Deepnote offers similar features for machine learning engineers as Jupyter or Google Colab. With Deepnote there are also added benefits of real-time collaboration, seamless integrations, and enhanced productivity tools. Deepnote allows multiple users to work simultaneously on the same notebook, providing an ideal environment for team-based projects and collaborative research. Additionally, it supports integration with various data sources, monitoring and experimenting tools, streamlining the workflow for data scientists and machine learning practitioners.

Deepnote supports a wide range of popular machine learning frameworks, including scikit-learn, NumPy, Keras, TensorFlow, PyTorch, and ONNX. This versatility allows data scientists to choose the most suitable tools for their specific needs, whether they are working on traditional machine learning algorithms or cutting-edge deep learning models. Moreover, Deepnote allows the creation of custom environments tailored to particular project requirements. This flexibility ensures that users can integrate specialized libraries and dependencies, optimizing the development and experimentation process.

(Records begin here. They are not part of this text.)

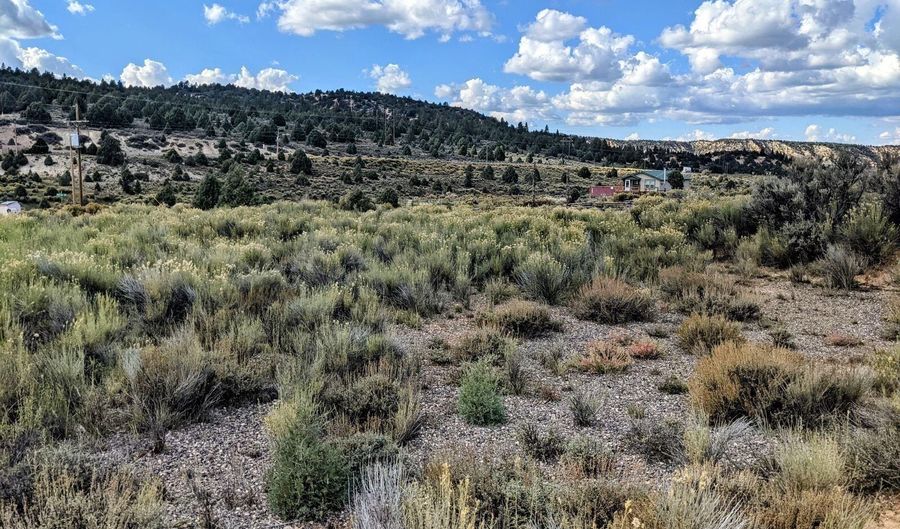 Havasupai DR, Alton, UT 84710 - 0 Beds, 0 Bath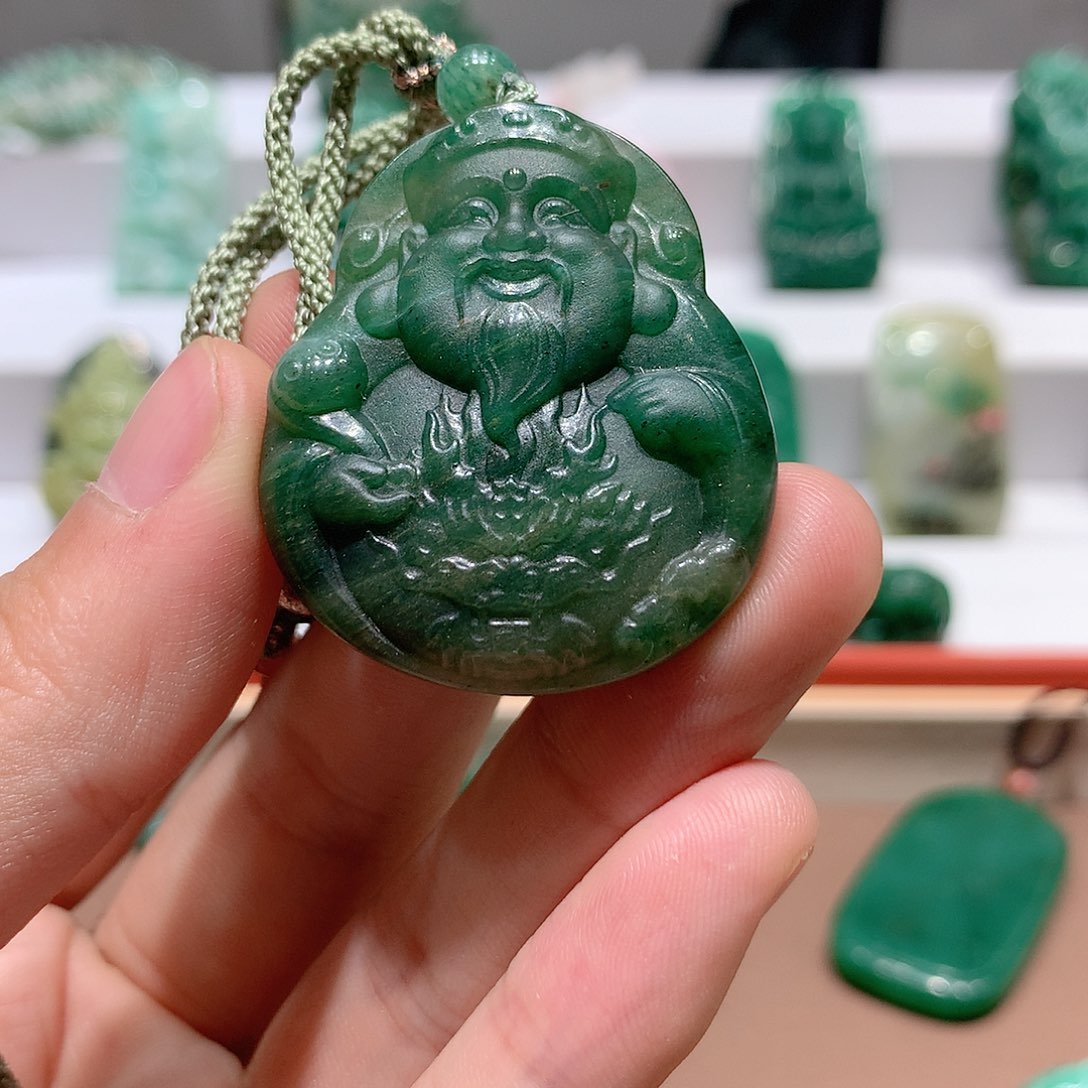 独山玉挂件未镶嵌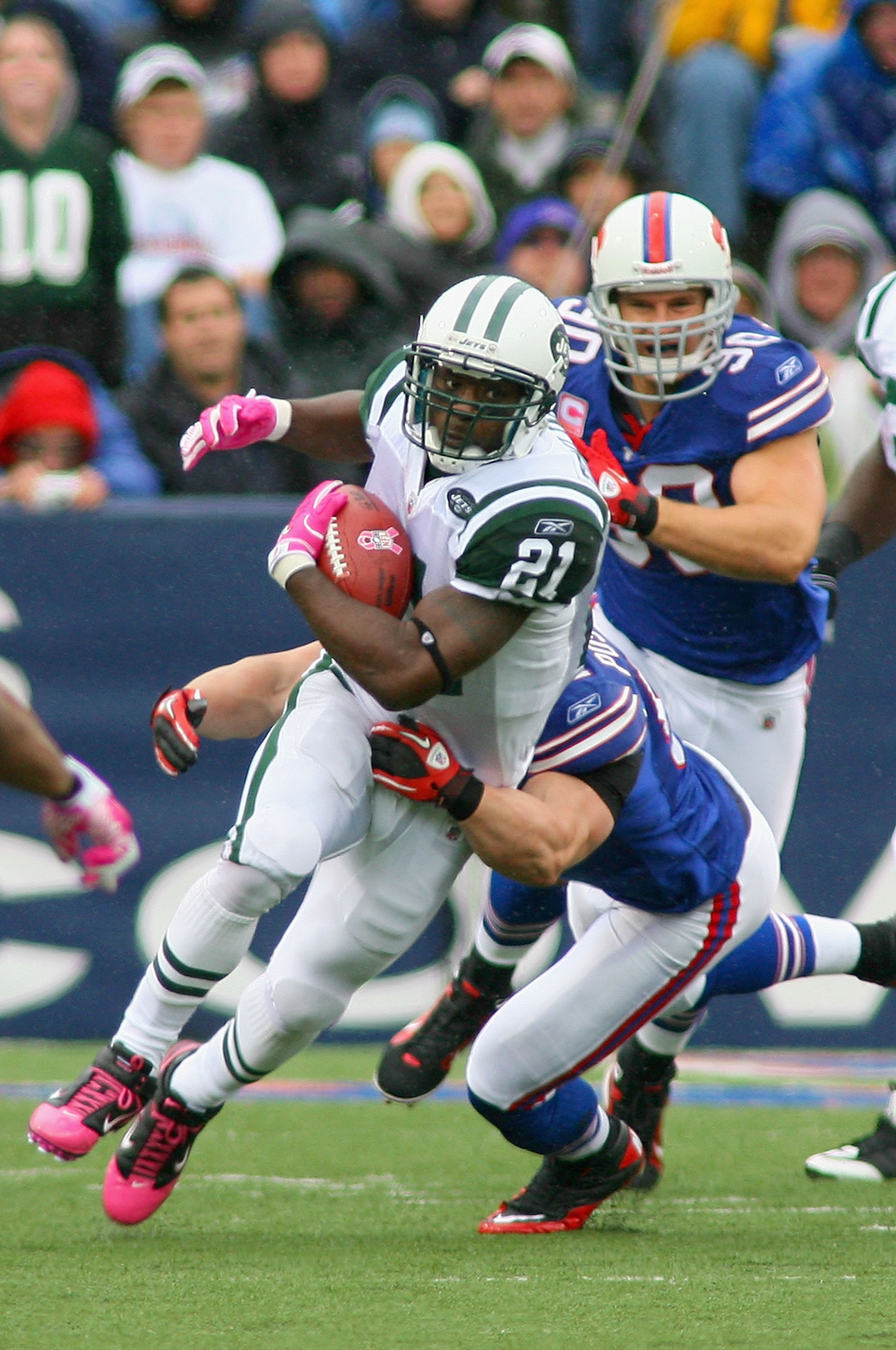 ORCHARD PARK, NY - OCTOBER 03:  LaDainian Tomlinson #21 of the New York Jets runs against the Buffalo Bills at Ralph Wilson Stadium on October 3, 2010 in Orchard Park, New York.  (Photo by Rick Stewart/Getty Images)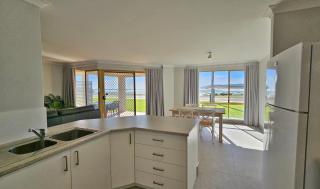 Pelican Shore Villa 3- Kalbarri, WA - 8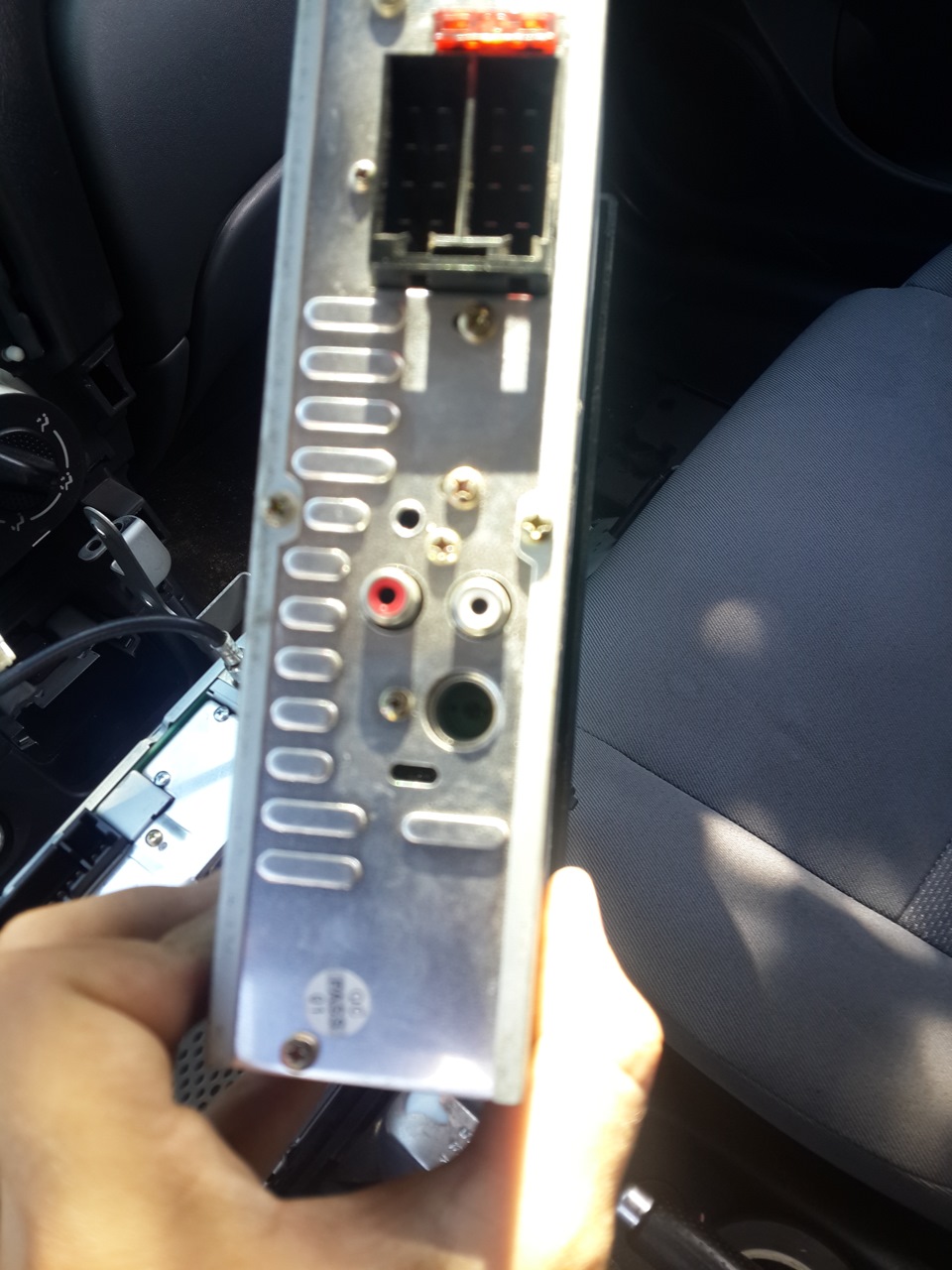 Как снимается магнитола! — Nissan Almera II (N16), 1,5 л, 2005 года ...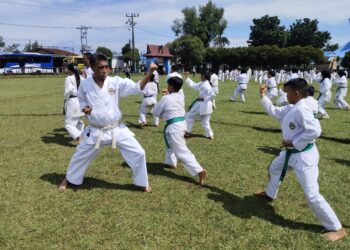Kompol H. Djanuarsa Buka Ujian Gashuku dan UKT di Tanah Lapang Pancur Batu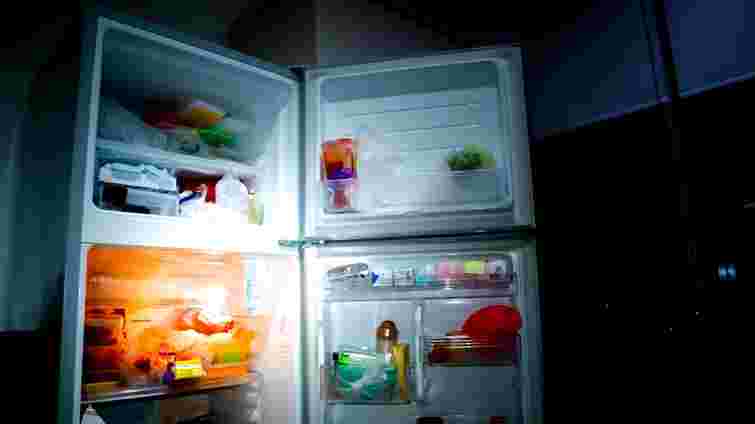 Збережете продукти значно довше: покладіть це в холодильник під час відключення світла
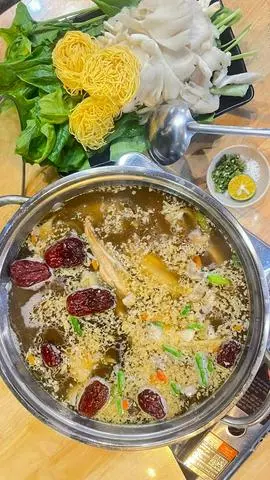 Hình ảnh Lẩu gà tiềm ớt hiểm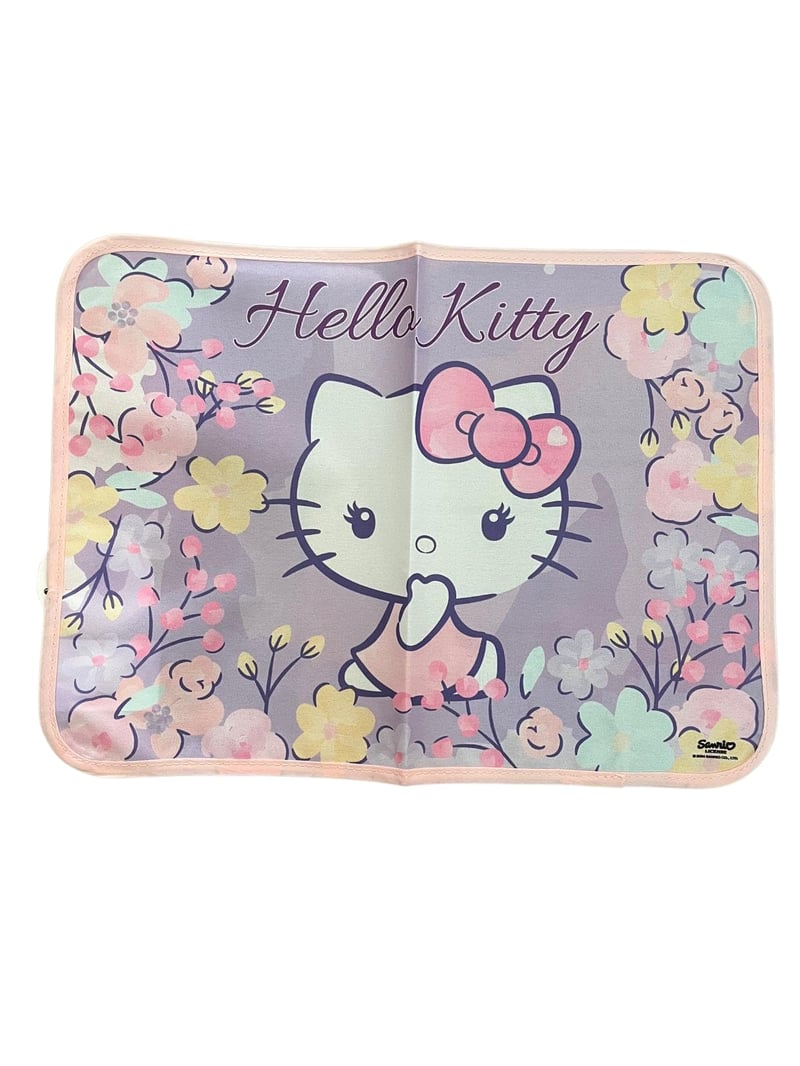 Hello Kitty gyerek tányéralátét – vízálló, mosható, összehajtható asztali védőalátét, 30 x 40 cm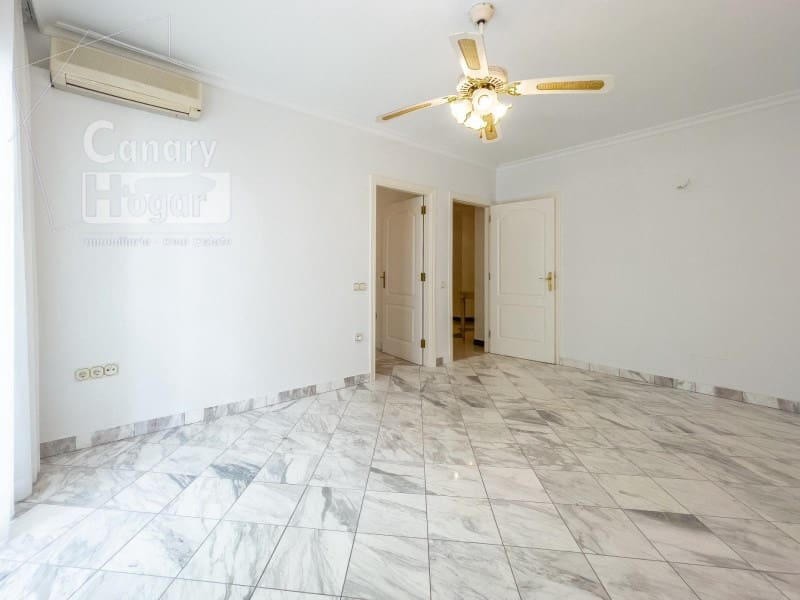 3 soveværelse Villa til salg i Playa del Duque med garage - € 2.999.000 (Ref: 9834152)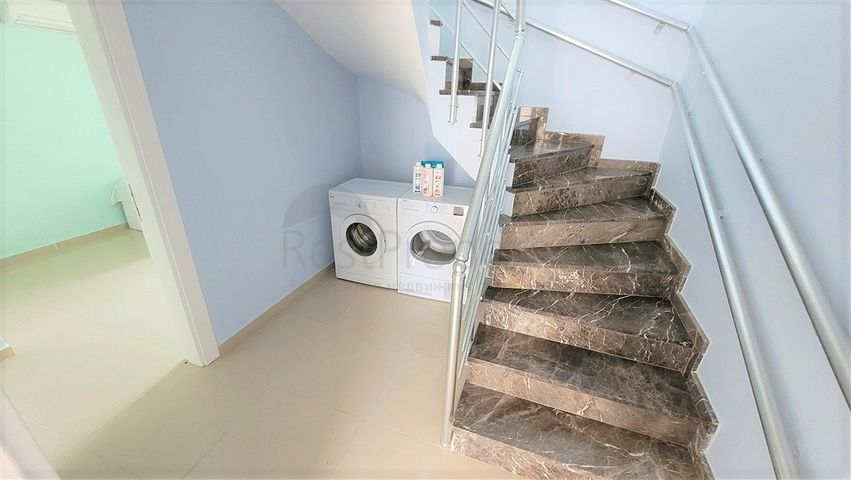 شقة في منطقة هادئة - غرفتين وصالة -ضمن مجمع انيق -كارجيجاك / الانيا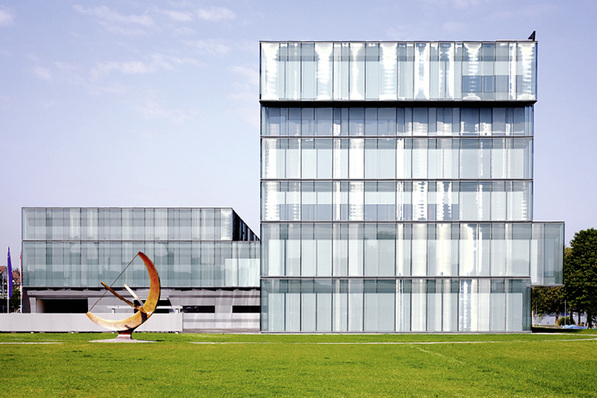 



Scheiben mit Metalleinlage verleihen der Fassade einen besonderen Effekt: Je nach Lichteinfall und Blickwinkel entsteht für den Betrachter des Würth Hauses in Rorschach ein variantenreiches Farbspiel. 
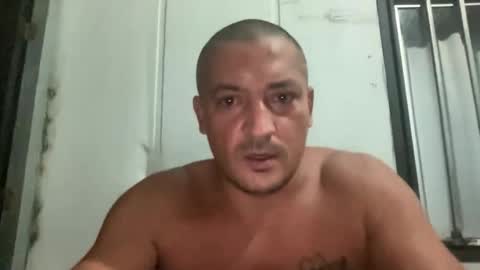 Snapshot of nikaulas chatting on 04.19.26 Nasty Couple online show from 04.19.26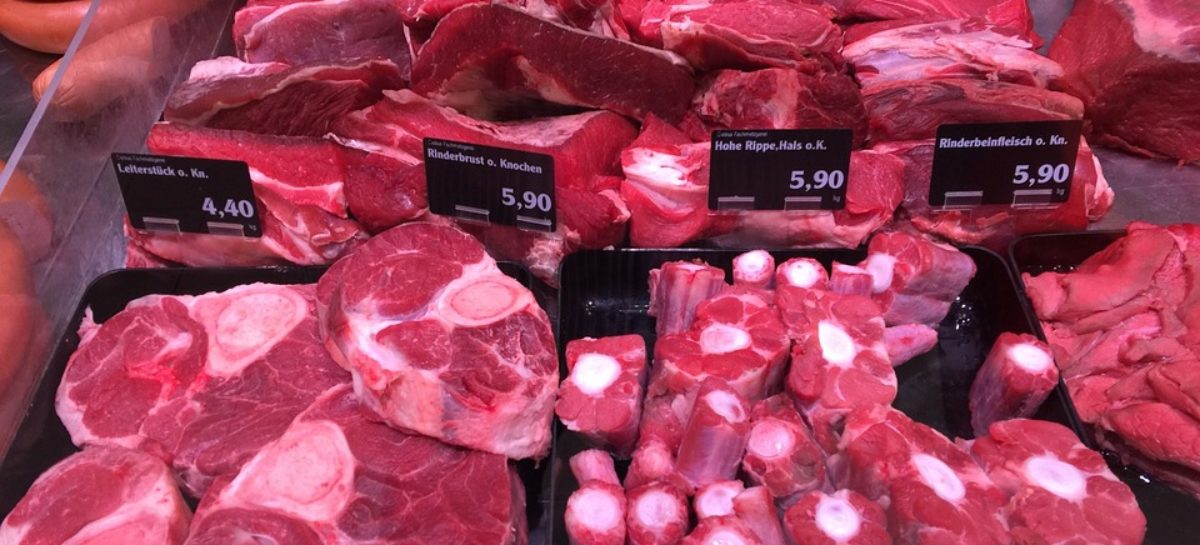 Consumul de carne roșie și procesată nu ar fi dăunător sănătații, susține un nou studiu care stârnește controverse în SUA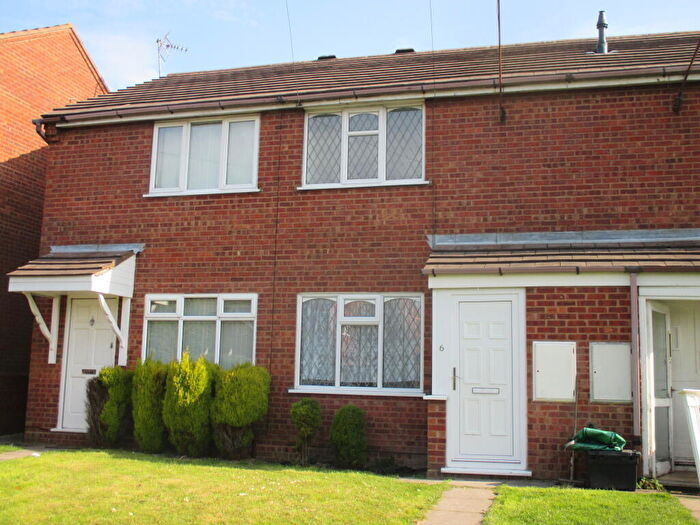 2 Bedroom House To Rent In Dudley, West Midlands, DY2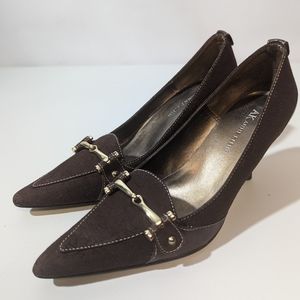 Anne Klein women's size 6 brown monogrammed pump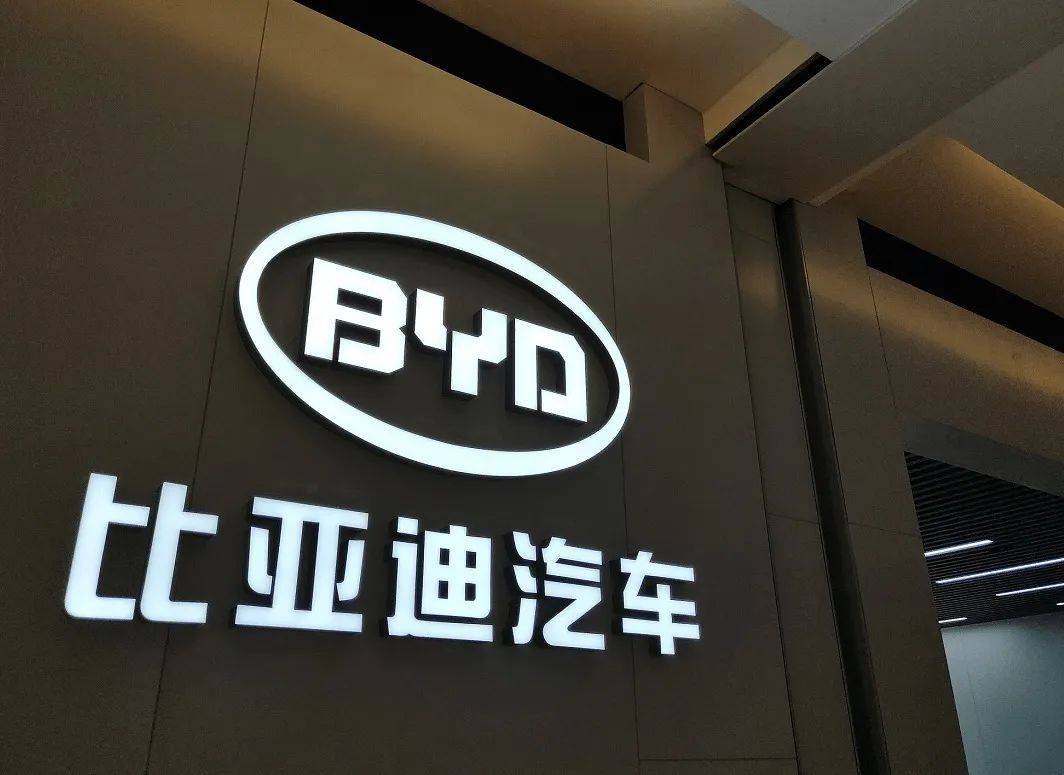 比亚迪一4S店突发大火，展厅汽车基本烧毁，大厅仅剩骨架！知情人士：怀疑是电路问题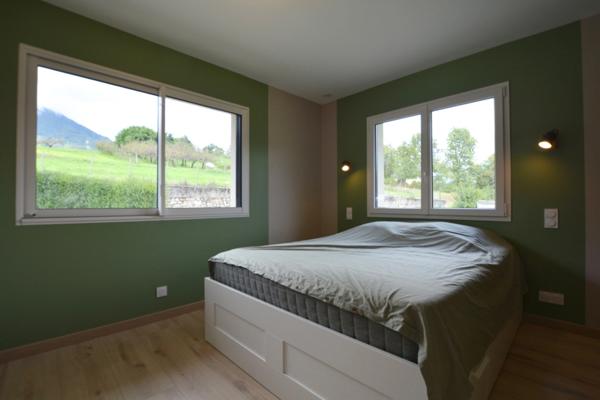 TOURNON (73) - MAISON Rénovée Type 4 + T2 - TERRAIN 1015 m2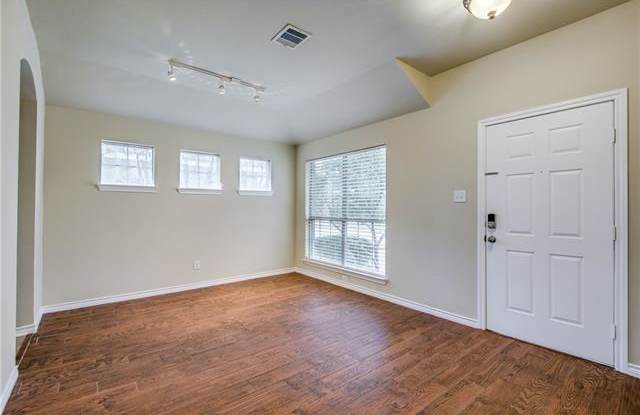 4708 Brighton Drive Gallery 3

For training larger models and experimenting with various parameters, we recommend using tools like TensorBoard, Weights and Biases or Comet.ml. These tools are invaluable for monitoring and optimizing the training process. You can visualize metrics such as loss and accuracy over time, see insights into the model's performance throughout the training epochs. All three tools also allow for real-time monitoring of model performance - this can help in identifying issues like overfitting or underfitting early in the process, enabling timely adjustments.